Connect to an Amazon EMR cluster from Domino

Domino supports connecting to an Amazon EMR cluster through the addition of cluster-specific binaries and configuration files to your Domino environment.

At a high level, the process is as follows:

Connect to the EMR Master Node and gather the required binaries and configuration files, then download them to your local machine.
Upload the gathered files into a Domino project to allow access by the Domino environment builder.
Create a new Domino environment that uses the uploaded files to enable connections to your cluster.
Enable YARN integration for the Domino projects that you want to use with the EMR cluster.

Domino supports the following types of connections to an EMR cluster:

Gathering the required binaries and configuration files

You will find the necessary files for setting up your Domino environment on the EMR Master Node. To get started, connect to your Master Node via SSH, then follow the steps below.

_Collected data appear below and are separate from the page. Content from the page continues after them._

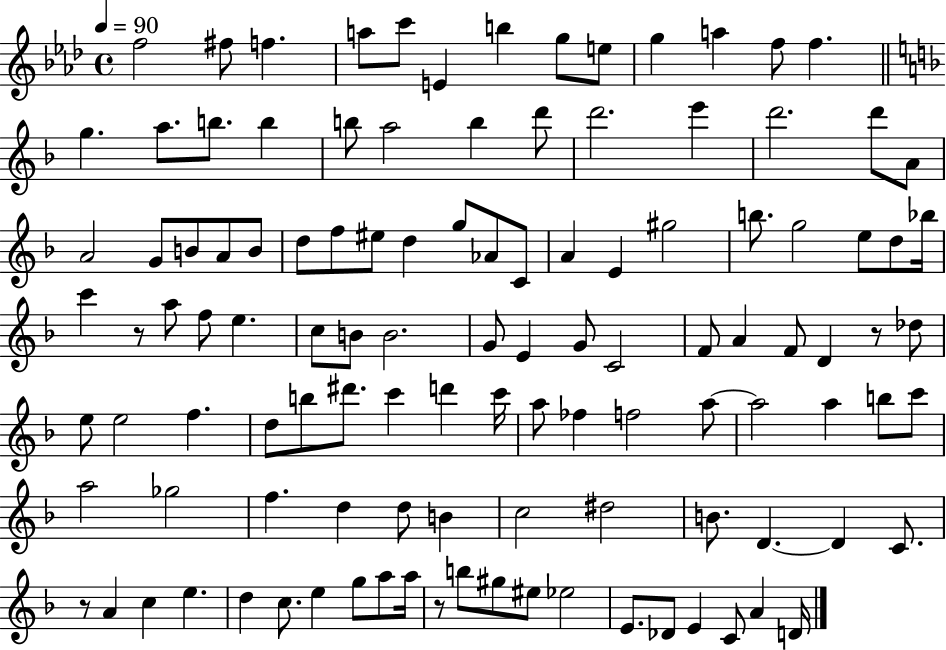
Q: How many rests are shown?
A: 4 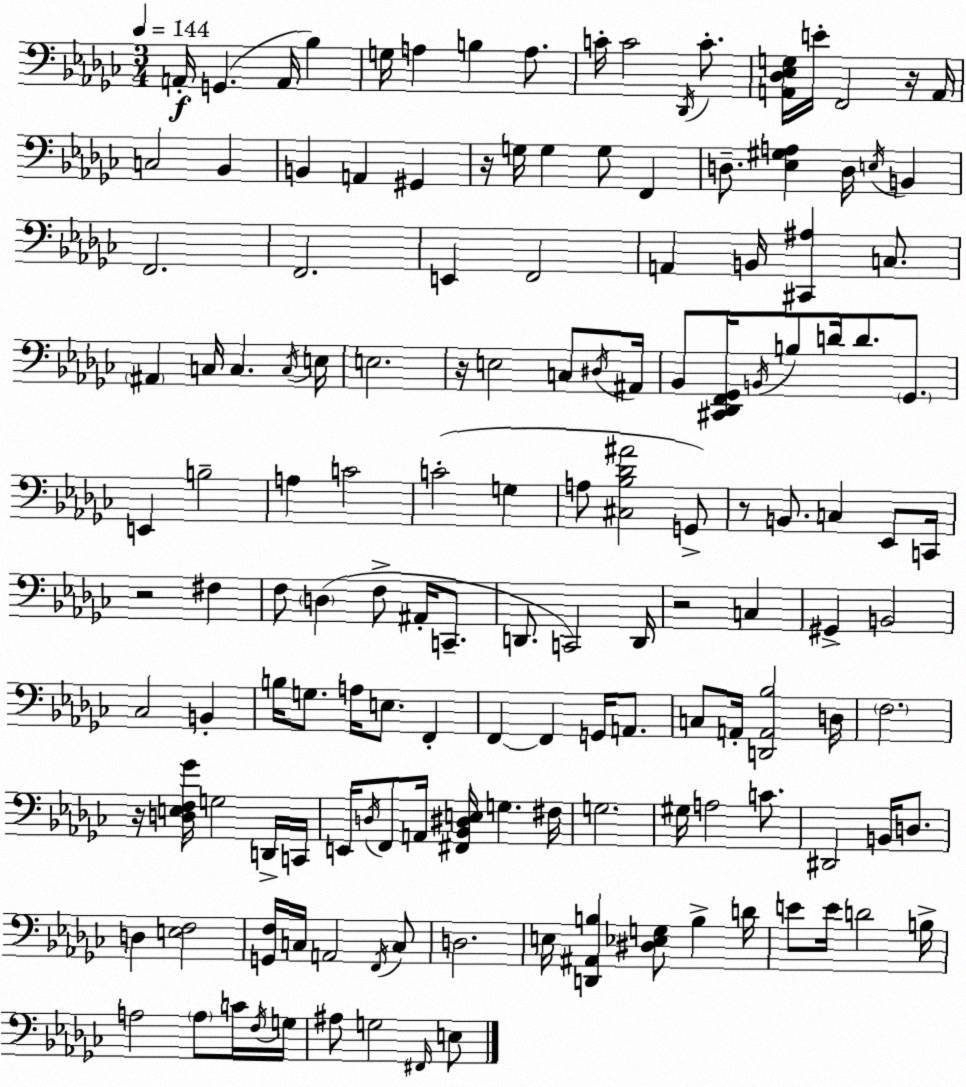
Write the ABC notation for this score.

X:1
T:Untitled
M:3/4
L:1/4
K:Ebm
A,,/4 G,, A,,/4 _B, G,/4 A, B, A,/2 C/4 C2 _D,,/4 C/2 [A,,_D,_E,G,]/4 E/4 F,,2 z/4 A,,/4 C,2 _B,, B,, A,, ^G,, z/4 G,/4 G, G,/2 F,, D,/2 [_E,^G,A,] D,/4 E,/4 B,, F,,2 F,,2 E,, F,,2 A,, B,,/4 [^C,,^A,] C,/2 ^A,, C,/4 C, C,/4 E,/4 E,2 z/4 E,2 C,/2 ^D,/4 ^A,,/4 _B,,/2 [^C,,_D,,F,,_G,,]/4 B,,/4 B,/2 D/4 D/2 _G,,/2 E,, B,2 A, C2 C2 G, A,/2 [^C,_B,_D^A]2 G,,/2 z/2 B,,/2 C, _E,,/2 C,,/4 z2 ^F, F,/2 D, F,/2 ^A,,/4 C,,/2 D,,/2 C,,2 D,,/4 z2 C, ^G,, B,,2 _C,2 B,, B,/4 G,/2 A,/4 E,/2 F,, F,, F,, G,,/4 A,,/2 C,/2 A,,/4 [D,,A,,_B,]2 D,/4 F,2 z/4 [D,E,F,_G]/4 G,2 D,,/4 C,,/4 E,,/4 D,/4 F,,/2 A,,/4 [^F,,_B,,^D,E,]/4 G, ^F,/4 G,2 ^G,/4 A,2 C/2 ^D,,2 B,,/4 D,/2 D, [E,F,]2 [G,,F,]/4 C,/4 A,,2 F,,/4 C,/2 D,2 E,/4 [D,,^A,,B,] [^D,_E,G,]/2 B, D/4 E/2 E/4 D2 B,/4 A,2 A,/2 C/4 F,/4 G,/4 ^A,/2 G,2 ^F,,/4 E,/2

Create a directory named hadoop-binaries-configs at /tmp.
```
mkdir /tmp/hadoop-binaries-configs
```

Create a subdirectory named configs in /tmp/hadoop-binaries-configs and create the listed subdirectories inside it.

mkdir /tmp/hadoop-binaries-configs/configs
mkdir -p /tmp/hadoop-binaries-configs/configs/hadoop
mkdir -p /tmp/hadoop-binaries-configs/configs/hive
mkdir -p /tmp/hadoop-binaries-configs/configs/spark

Copy the contents of the hive, spark, and hadoop directories from /etc to /tmp/hadoop-binaries-configs/configs.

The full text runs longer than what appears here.